The figure, the highest in the 60 years since independence, presages a lucrative new source of prosperity for a country which saw foreign tourism dwindle to a near-standstill during the intifada.
Low-cost flights, the return of cruise ships to Haifa and what Rafi Shalev, new director of tourism in UK and Ireland for the Israel Government Tourist Office, calls the "football factor" have all been leading reasons.
"The England-Israel football match [in March 2007] was a catalyst," Mr Shalev told a press conference at London's World Travel Market this week.
"People came, saw the discotheques and the bars and decided to come back. We are seeing a new city-break market with visitors coming for just three or four days."
The city-break market - and a new focus on tourism spurred by cuisine, culture and other "lifestyle" interests - is epitomised by Tel Aviv, said Shaul Zemach, director-general of the Tourism Ministry. The ministry expects to capitalise on the city's coming centenary and its status as the international gateway to the rest of Israel.
But Eilat is also a vital factor in new strategies aimed at beating the credit crunch and keeping up buoyant tourism figures, he said. "We are repositioning Eilat as a high-end, rather than a backpacker, destination, with a dedicated micro-website already in development to show everything the resort has to offer."
Once strictly a dedicated sun'n'fun destination, Eilat is now underpinning a new two-centre market, combined by many foreign visitors with the north of Israel or neighbouring attractions like Petra, in Jordan.

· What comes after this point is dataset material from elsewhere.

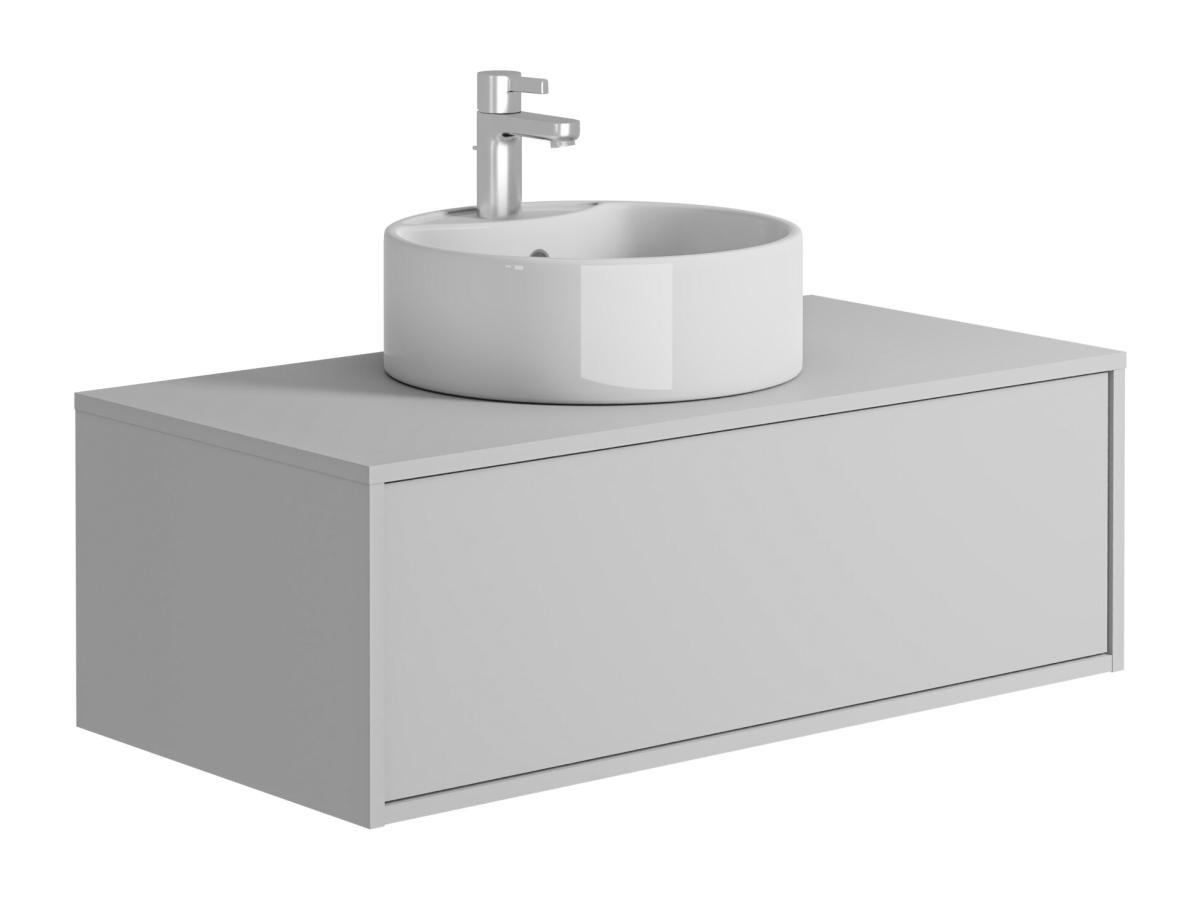 Vente-unique Meuble de salle de bain suspendu blanc avec simple vasque ronde - 94 cm - TEANA II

El Al is operating a daily scheduled domestic flight to Eilat to supplement the activities of charter airlines which have dominated traffic to the resort - and has profited from competitors entering the UK market, according to Uri Danor, head of El Al's UK office.

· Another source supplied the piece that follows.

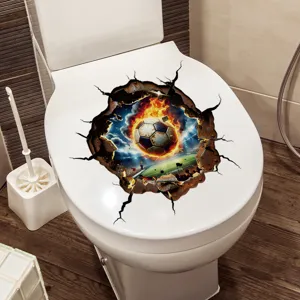 Sticker mural 3D créatif pour abattant de WC avec motif de football en feu et stade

"BMI has fed visitors from Scotland and Ireland into our international departures, and if we could get more slots at Heathrow, a third daily flight to Tel Aviv could be on the cards," he said.

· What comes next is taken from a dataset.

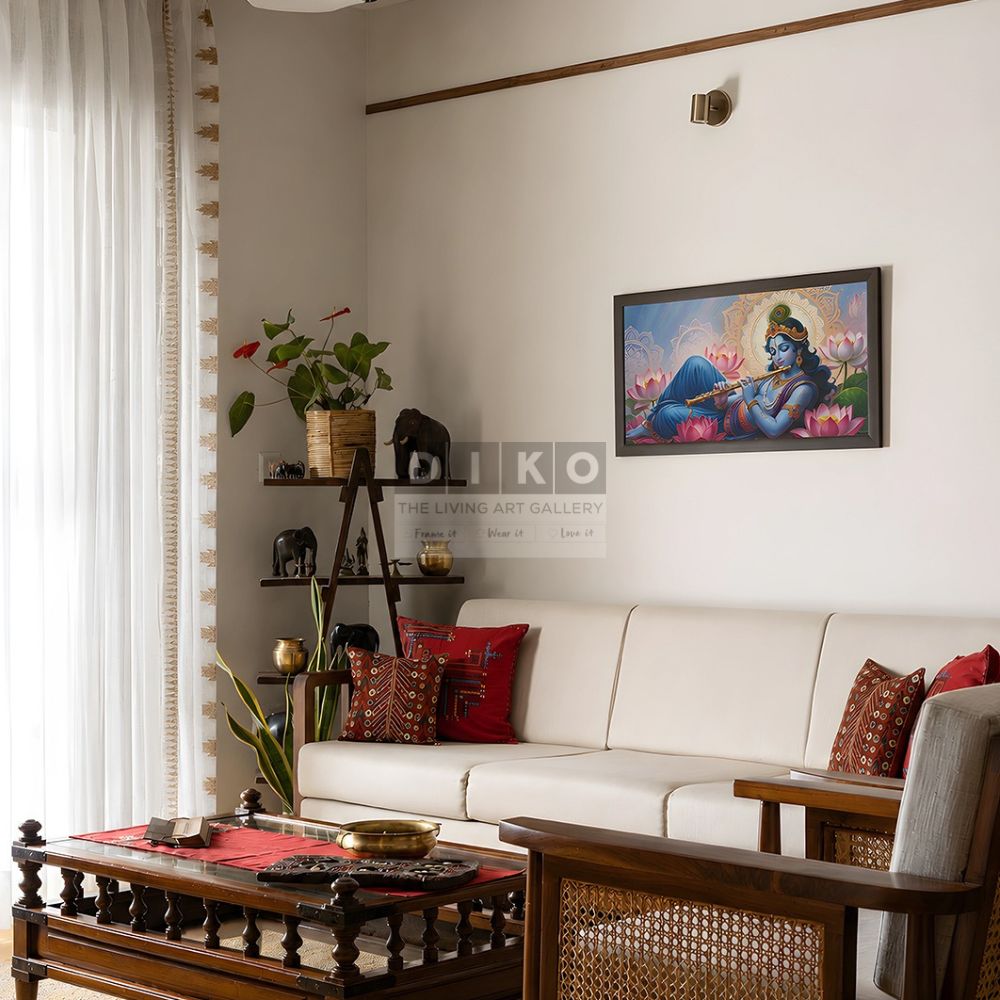 Divine Krishna Wall Art Frame – Spiritual Lotus Flute Painting for Elegant Living Room Decor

Low cost flights, including those of Thomsonfly from both London and Manchester, have been responsible for an increase of more than 15 per cent in UK visitors alone to 180,000 this year.
Of those, 80 per cent were Jewish, with a new secular "lifestyle" tourist entering the market to boost the secondary pilgrim sector headed for Jerusalem and the Christian sites of the north.
A detailed analysis of mid-year tourism figures issued in July, by which time 1.7 million arrivals had been recorded for the first seven months of 2008, showed an overall increase of 41 per cent over the same period in 2007, with three times as many day visitors - a factor of returning cruise business.
The Tourism Ministry has been challenged with bringing workers - unused to such numbers following the lean visitor years of the intifada - up to speed, running workshops to improve professionalism in everyone from bus drivers to passport control officers.